Sept. 20, 2018 | G. Michael Dobbs
news@thereminder.com

SPRINGFIELD – Mayor Domenic Sarno has entered the controversy about tariffs and international trade by sending a letter last week to United Trade Representative Robert Lighthizer.

According to the Federal Register, the Trump administration is considering a further escalation in the trade war. The Register reported, “On July 6, 2018, China responded to the initial action by imposing increased duties on goods of the United States. In light of China’s decision to respond to the investigation by imposing duties on U.S. goods, the Trade Representative proposes a modification of the action taken in this investigation. The proposed modification is to maintain the original $34 billion action and the proposed $16 billion action, and to take further action in the form of an additional 10 percent ad valorem duty on products of China with an annual trade value of approximately $200 billion.”

Sarno is concerned how such an action would affect CRRC.

The mayor wrote, “I want to comment on the Trump Administration’s Section 301 investigation into the acts, policies and practices of the Government of China as it relates to technology transfer, intellectual property and innovation. Springfield, Massachusetts is home to the world’s largest rail car company, CRRC, which recently invested $95 million in a new facility that opened in 2018 and is now producing rail cars, employing 150 in our City with the average salary of $65,000.  

“It is CRRC’s first North American facility and its success is critical to our city and region’s economy, bringing back manufacturing and skilled labor to our city.  That success is tied not only to the production and jobs created by CRRC, but the supply chain of smaller local businesses that are feeding the facility and creating good paying jobs for our residents.

“We applaud the President’s pledge to addressing unfair trade practices faced by American businesses. However, we are writing today to express our concern that certain items proposed for tariffs in response to these practices would increase the cost of CRRC’s rail cars, which would eventually affect the publicly funded projects and penalize the taxpayers. Specifically, we are concerned that a number of rail cars and bus related goods from Chapter 86 of the Harmonized Tariff Schedule (HTS) will severely undermine the nation’s plans for expansion and moderation of its public mass transit.      

“At this time CRRC has contracts with the Massachusetts Bay Transit Authority (MBTA) and the Los Angeles County Metropolitan Transportation Authority (Metro). These contracts are expected to last for the next five years. The Office of the US Trade Representative’s (USTR) proposes tariff action will have an adverse effect on the cost of these rail cars and our local economy.

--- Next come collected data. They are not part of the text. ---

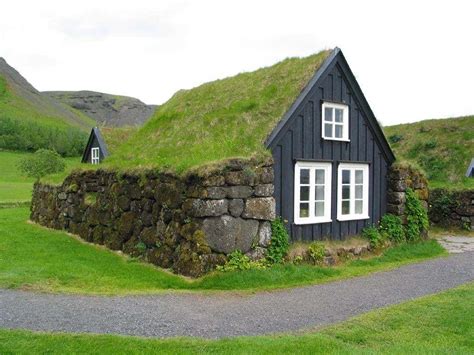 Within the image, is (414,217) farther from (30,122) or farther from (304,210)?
(30,122)

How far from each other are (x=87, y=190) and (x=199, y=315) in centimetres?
1128

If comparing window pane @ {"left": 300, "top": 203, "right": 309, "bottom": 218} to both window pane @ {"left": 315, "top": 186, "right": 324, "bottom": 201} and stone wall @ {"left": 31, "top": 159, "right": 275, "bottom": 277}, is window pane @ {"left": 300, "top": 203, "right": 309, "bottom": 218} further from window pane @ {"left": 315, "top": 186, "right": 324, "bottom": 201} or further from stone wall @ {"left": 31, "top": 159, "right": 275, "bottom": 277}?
stone wall @ {"left": 31, "top": 159, "right": 275, "bottom": 277}

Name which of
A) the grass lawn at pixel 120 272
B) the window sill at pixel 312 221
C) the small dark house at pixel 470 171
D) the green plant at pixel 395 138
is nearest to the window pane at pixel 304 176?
the window sill at pixel 312 221

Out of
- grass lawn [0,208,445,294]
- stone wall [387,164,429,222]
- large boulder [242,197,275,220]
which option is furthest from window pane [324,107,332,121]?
grass lawn [0,208,445,294]

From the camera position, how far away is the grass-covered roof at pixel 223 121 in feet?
43.2

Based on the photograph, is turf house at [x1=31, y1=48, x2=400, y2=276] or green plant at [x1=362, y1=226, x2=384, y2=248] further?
green plant at [x1=362, y1=226, x2=384, y2=248]

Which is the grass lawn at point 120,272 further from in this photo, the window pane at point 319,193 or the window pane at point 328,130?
the window pane at point 328,130

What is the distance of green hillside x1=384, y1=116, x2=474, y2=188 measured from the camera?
31.5 m

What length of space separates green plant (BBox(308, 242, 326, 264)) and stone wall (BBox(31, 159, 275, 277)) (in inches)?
58.7

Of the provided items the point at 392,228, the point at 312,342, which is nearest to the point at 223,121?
the point at 392,228

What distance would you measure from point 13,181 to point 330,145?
49.6 meters

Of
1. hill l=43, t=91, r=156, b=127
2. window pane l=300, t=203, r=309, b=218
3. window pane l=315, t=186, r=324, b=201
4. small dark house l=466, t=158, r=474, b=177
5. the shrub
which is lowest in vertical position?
the shrub

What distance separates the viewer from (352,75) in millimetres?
15297

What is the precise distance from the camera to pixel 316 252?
13.2 meters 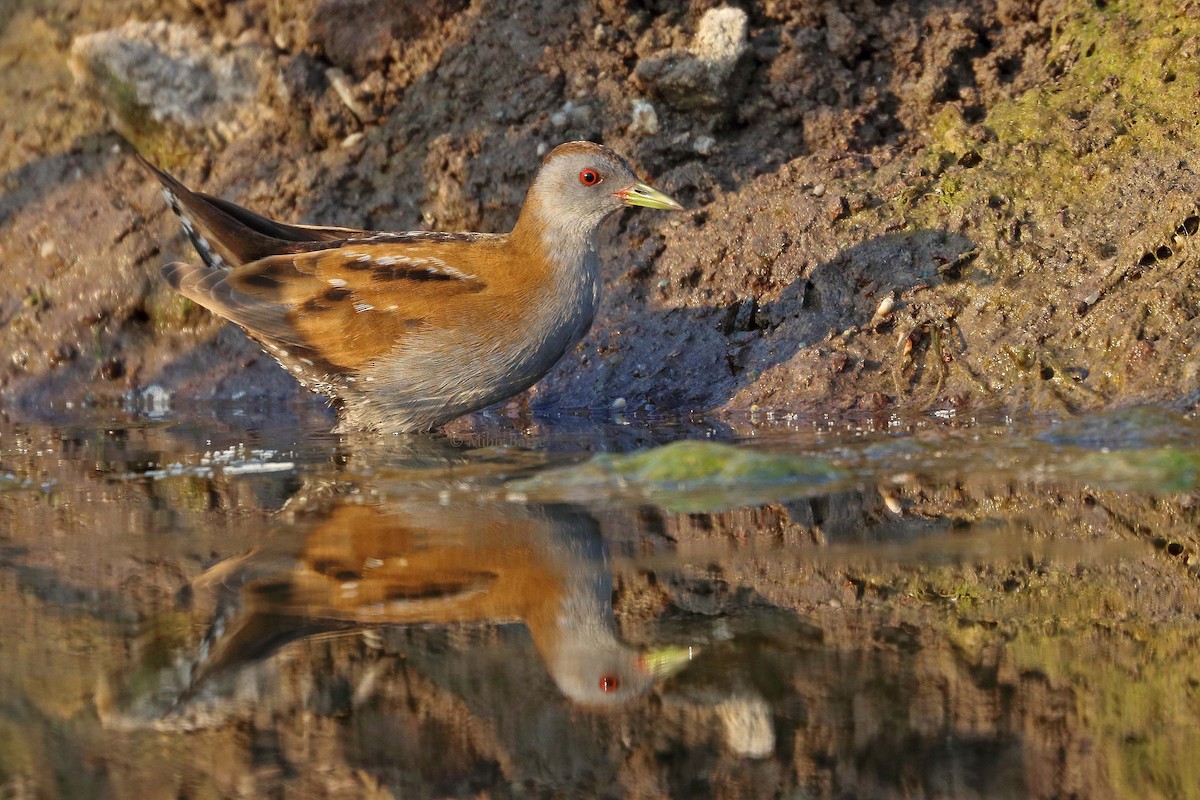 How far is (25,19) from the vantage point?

“It is our understanding that USTR’s stated objective in the proposed action is to diminish Chinese sponsored acts that harm and deprive US companies from competing in a fair and open market. The application of a tariff on rail cars will not accomplish that goal as there are no U.S. manufacturers of light and heavy rail transit vehicles. All Transit Vehicle Manufacturers are foreign owned. Also, the FAST Act requires all federally funded projects to meet ‘Buy America’ requirement that dictate a minimum value of U.S. manufactured products, components and systems content in each rail car. As an example, CRRC has committed to Los Angeles Metro’s contract to use 70 percent of US-manufactured components and systems in each rail car. CRRC has also committed to performing the final assembly of Metro’s vehicles in Massachusetts.

“Springfield’s objection based on the potential harm the proposed tariffs will have to our local economy is not unique to Western Massachusetts. On behalf of the City of Springfield and a clear appreciation that the taxpayers are funding a portion of funding of the rail cars I urge USTR to remove these rail cars and bus related goods from the list of products that will be subject to 301 tariffs.”